2.3 Shuttered Glasses
Rather than showing two displays simultaneously, the shuttered technique utilised the inherent latency and memory within the brains ability to view, by flicking between a left and right eye view. A CRT monitor (LCD’s are unable to refresh quickly enough) is used at a high refresh rate, typically 120hz. A pair of powered LCD glasses commanded via cable or via an IR transmitter are synchronised to this rate, and alternately render each eye opaque. The display is then commanded to show a left eye view when the right eye is opaque and vice versa, in rapid succession, producing a net frame rate of half that of the monitor (i.e. 60 hz). Wireless glasses are typically priced at £60
Anaglyphs use colour filtration to provide each eye with a separate image from an LCD or CRT display, or a printed imaged. The image targeted for the left eye is filtered red, and the right eye filtered green and blue. Anaglyph images are therefore typically greyscale. A varying level of success has been achieved in colour by using the red channel of a left-eye image, and the green and blue channels of the right eye image . The anaglyph technique is often unreliable or ineffective in those who suffer from colour-blindness. The price of glasses is negligible – with card mounted glasses costing as little as 40 pence.
3.0 Content Provision
3.1 VR Headsets
VR headsets typically require bespoke 3D workstations with specific graphics cards driving the twin displays. This technology has not filtered down to the consumer level as of 2008.
Customised drivers for most nVidia and ATI graphics cards are available to enable most common game engines (including the heavily customisable Half Life 2) to produced a 3D image with the Polarised solution provided by Zalman, or the LCD shuttered glasses. Browser plugins such as Cult 3D (now unsupported) or Viewpoint Media Player are not supported with this technique. There are problems with the reliability of this technique between the plethora of different combinations of motherboard, graphics card, monitor, operating system and graphics drivers. For this to work a ‘PC enthusiast’ level of computer knowledge is required. Most office-based PC’s are not equipped with suitable graphics cards and depend on integrated graphics by Intel which does not support this technology.

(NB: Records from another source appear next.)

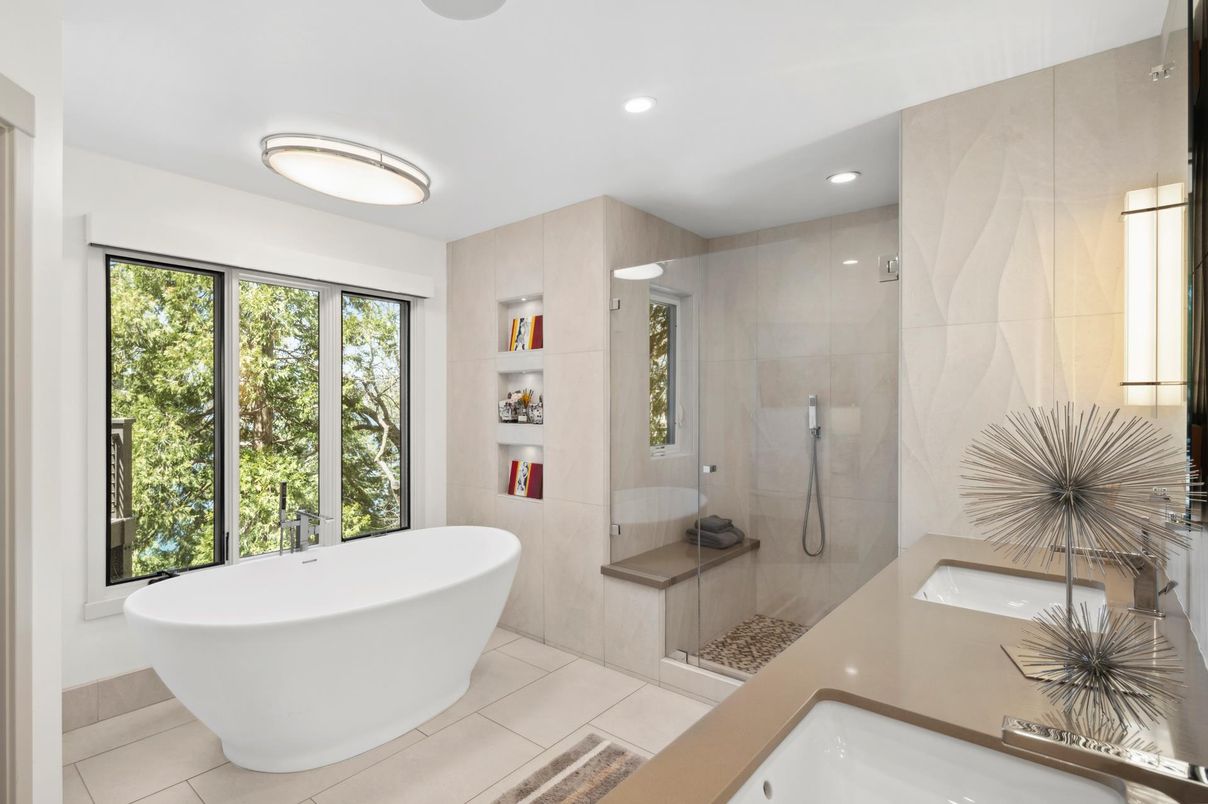 Bathroom, Free Standing Baths, Glass Shower, Interior, Recessed Lighting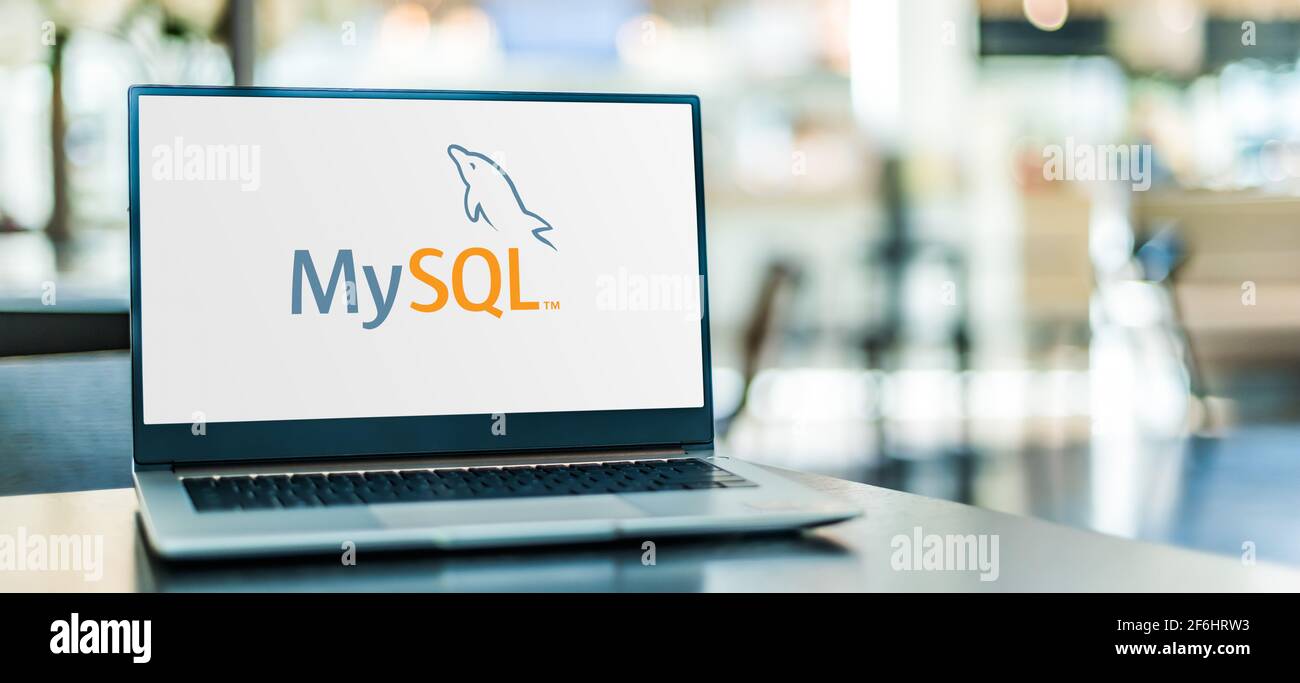 POZNAN, POL - 6 FÉVRIER 2021 : ordinateur portable affichant le logo de MySQL, un système de gestion de base de données relationnelle (SGBDR) open-source Banque D'Images POZNAN, POL - 6 FÉVRIER 2021 : ordinateur portable affichant le logo de MySQL, un système de gestion de base de données relationnelle (SGBDR) open-source Banque D'Images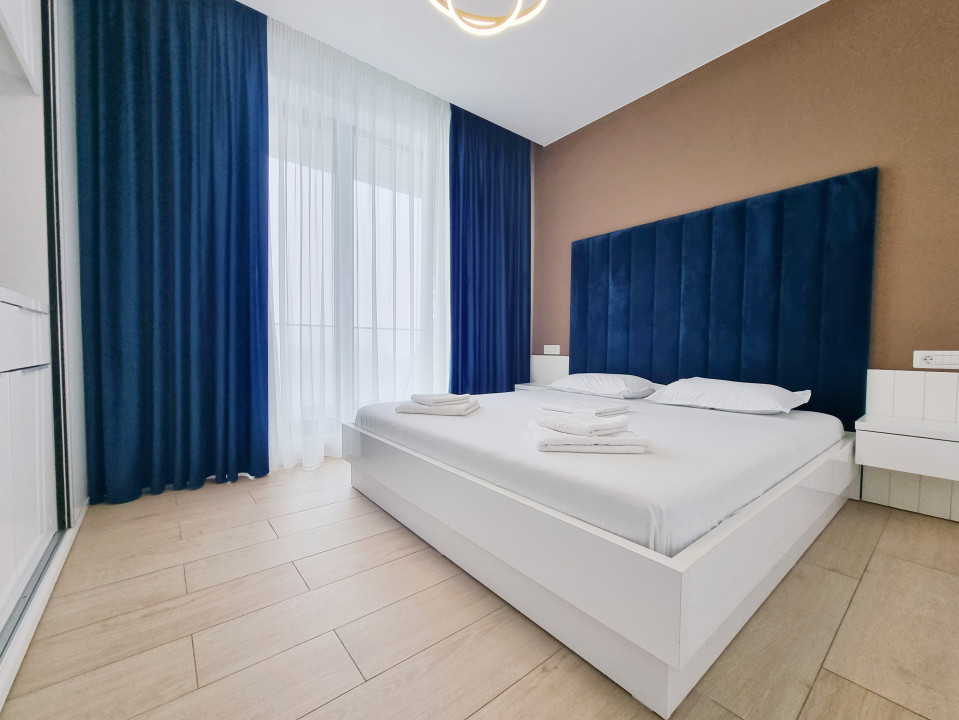 Apartament cu vedere generoas catre lac in complex LakeOn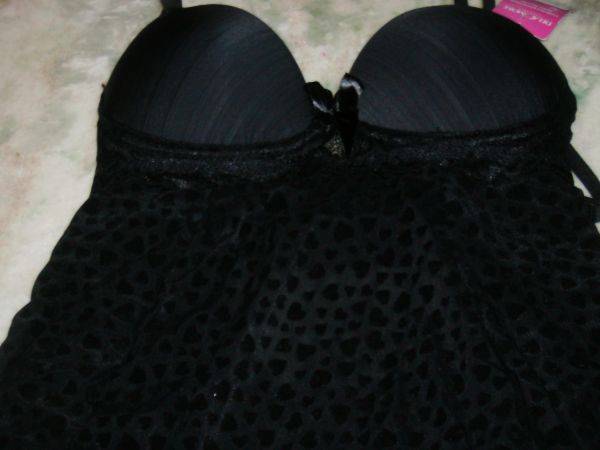 CAMISOLA EM RENDA E FIO DENTAL EM TACTEL E RENDA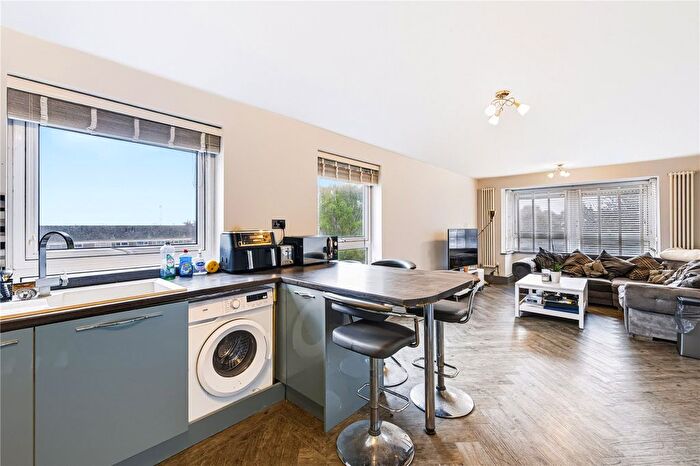 2 Bedroom Flat For Sale In Prince Charles Close, Southwick, Brighton, West Sussex, BN42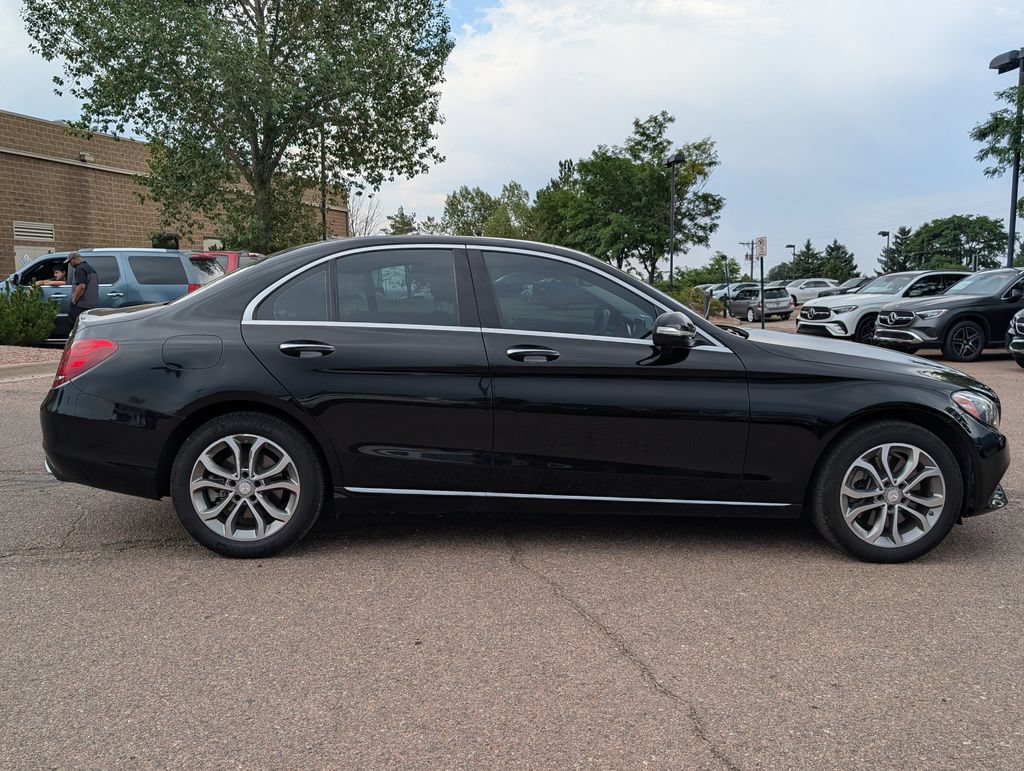 Used 2015 Mercedes-Benz C 300 4MATIC Sedan image 4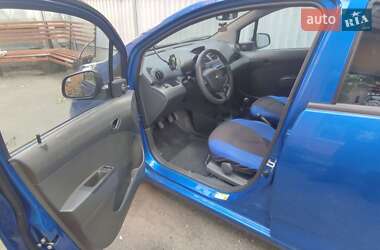 Хетчбек Chevrolet Spark 2010 в 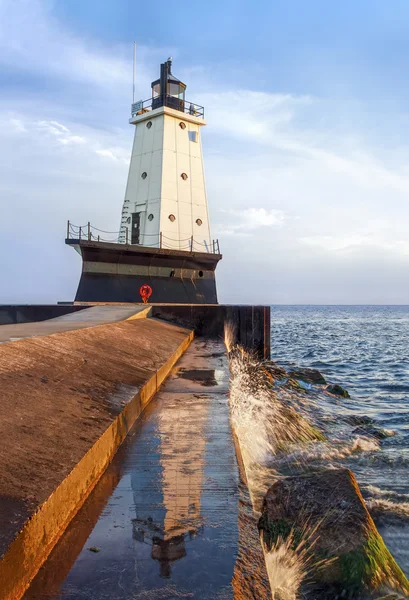 Ludington LIght Reflection — Stock Photo, Image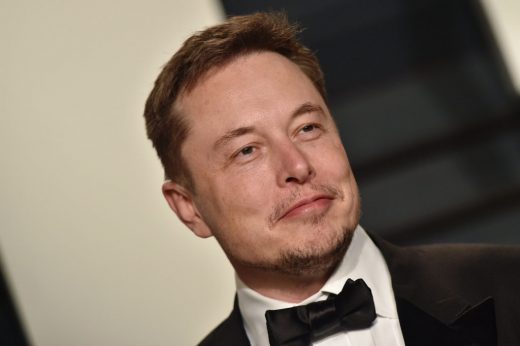 Elon Musk calls on governments to start regulating AI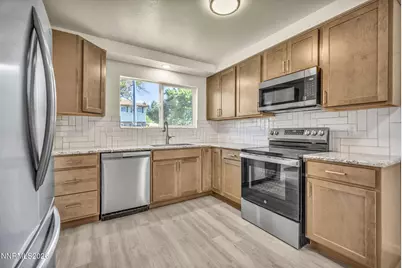 545 Smithridge Park, Reno, NV 89502 - Photo 6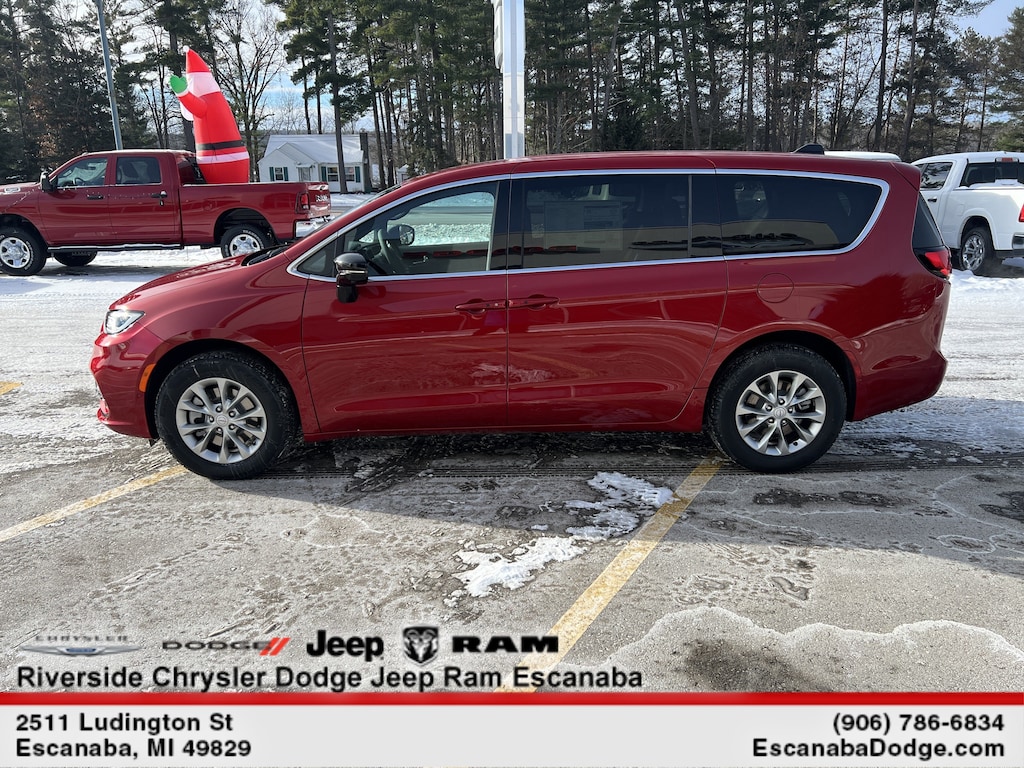 New 2026 Chrysler Pacifica Select Passenger Van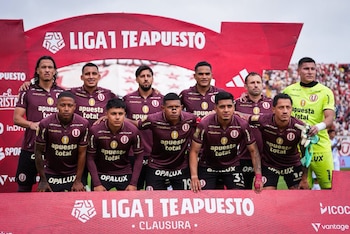 El 11 titular que planteó Fabián Bustos en Universitario ante Alianza Atlético en Trujillo. - créditos: Universitario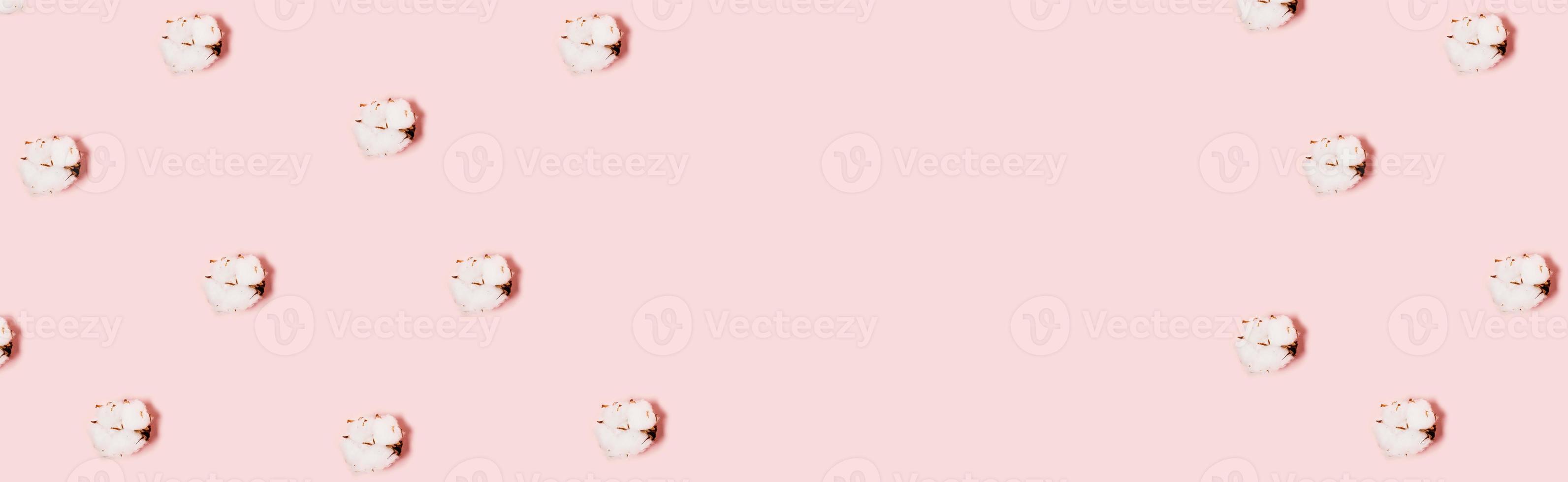 Zero waste accessories on pink background. photo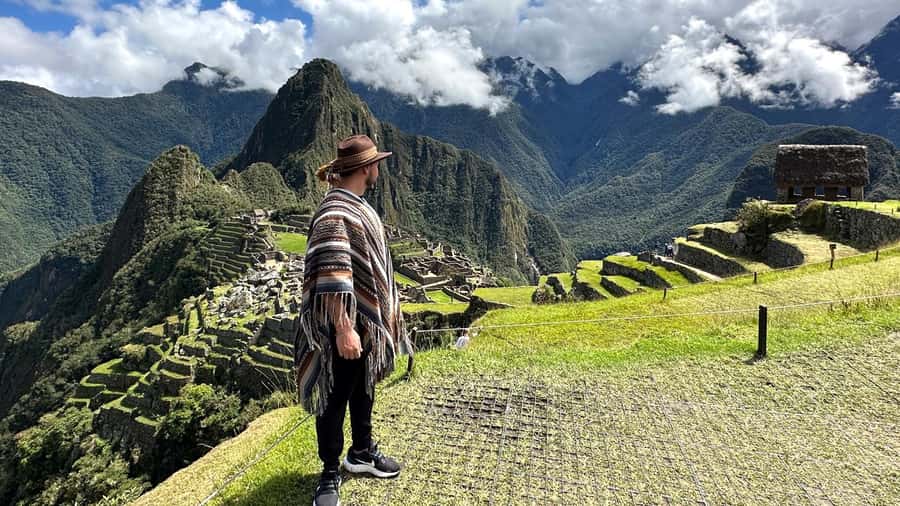 From Cusco: 2-Day Trip to the Sacred Valley and Machu Picchu - Machu Picchu morning with a guide: terraces, stairways, and the story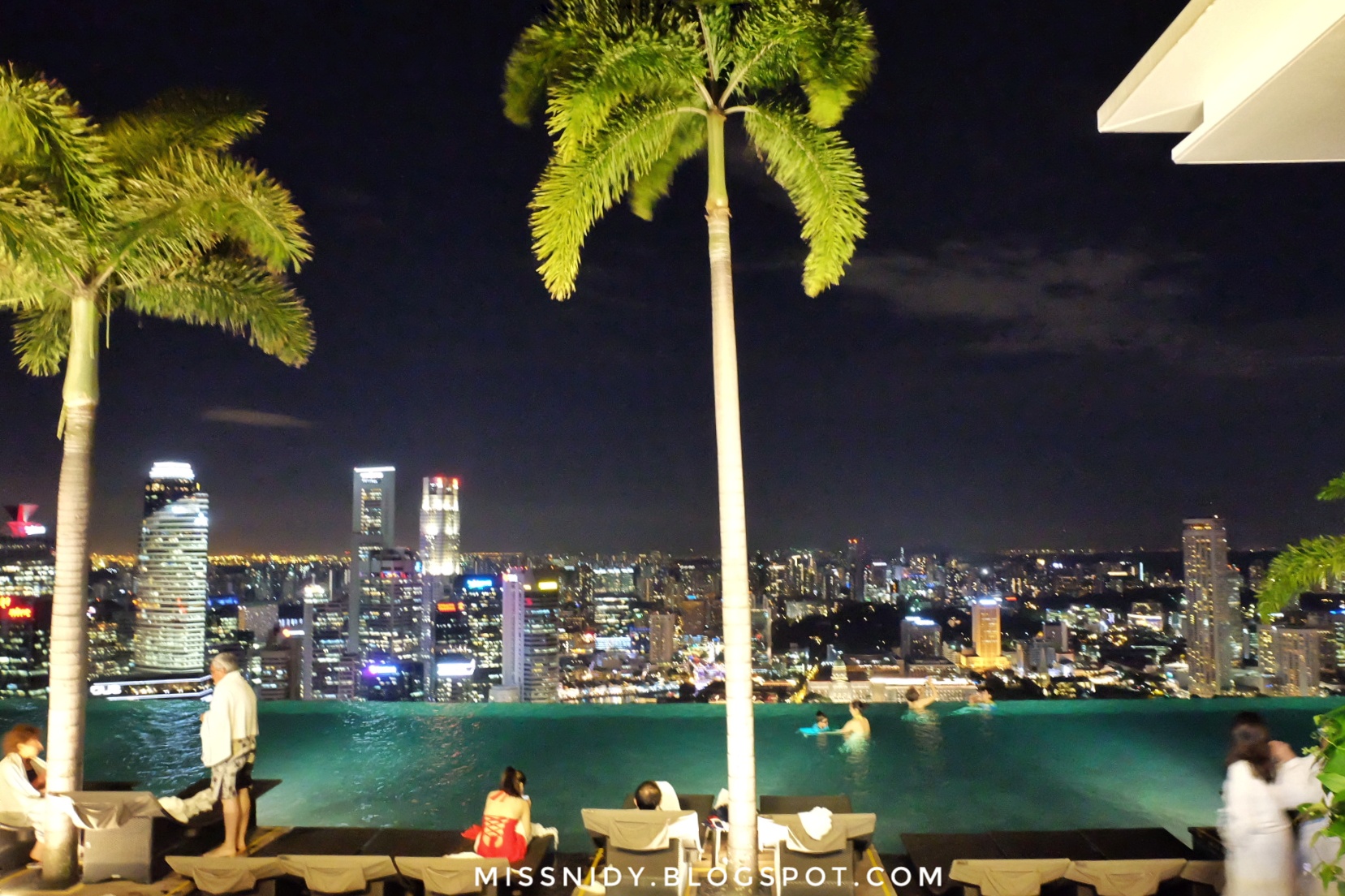 night view from marina bay sands infinity pool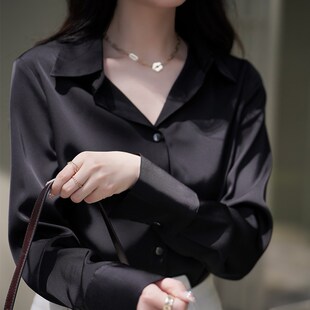 高级感醋酸缎面衬衫女士黑色衬衣免烫抗皱大码显瘦V宽松垂感遮屁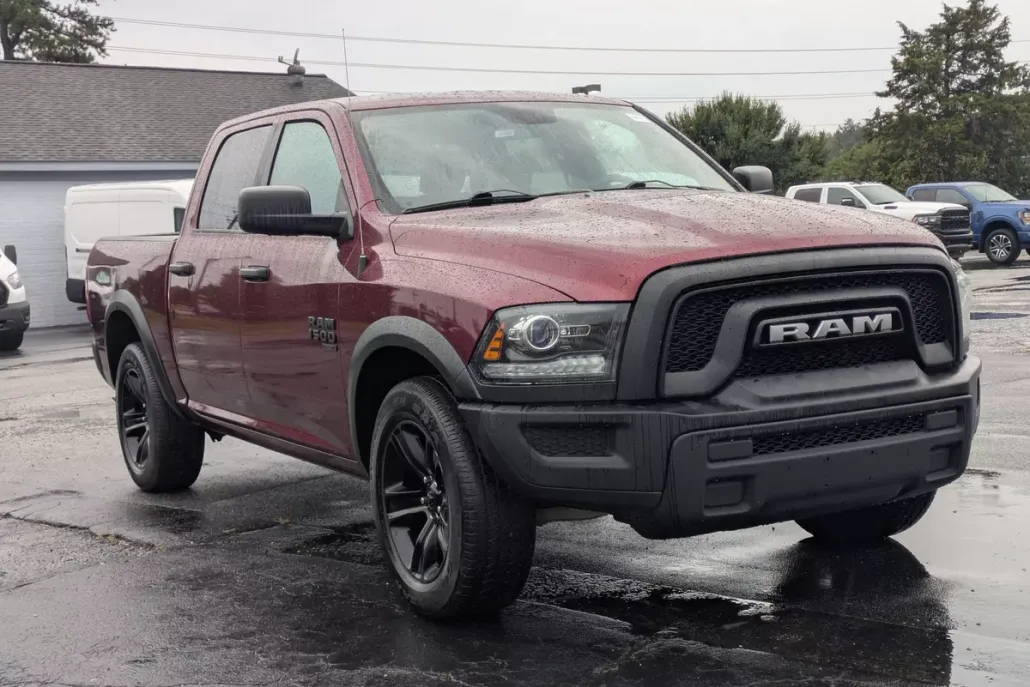 2024 Ram 1500 Classic Warlock photo 1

The same customised drivers provided by nVidia described in 3.2 can also be commanded to provide an Anaglyph view. The same issues regarding compatibility and reliability remain. Drivers from Iz3d (http://iz3d.com) also enable this effect on any Direct 3D display but do cause problems with dual-monitor configurations while enabled. The effect is less convincing and reliable than the others, and again, does not work with browser plugins.
Anaglyph differs, however, in that media can be pre-prepared as stills or animations. These forgo any level of interactivity, however.
4.1 Current technology
The Zalman 3D displays combined with polarized glasses offer the most reliable and trouble-free technique for viewing interactive 3D material. However, material can only be provided using commercial graphics engines and not in-browser plugins such as Viewpoint Media Player.
Anaglyph Glasses can offer a cheap and simple way to gain an element of 3D, but only in non interactive animations or still images can be displayed.
For interactive 3D material, however, a specific platform, and a custom programmed display application need to be developed
4.2 Future technology
It is hard, if not impossible to imagine where this technology may lead. Hollywood has recently begun to revisit the 3D movie industry after a lull during the ’90s. If and how that will feed in to commercially available productions for home viewing remains to be seen, however currently, there is little to suggest that interactivity in 3D will become commercially attractive platform for mass consumption in the next 5 years.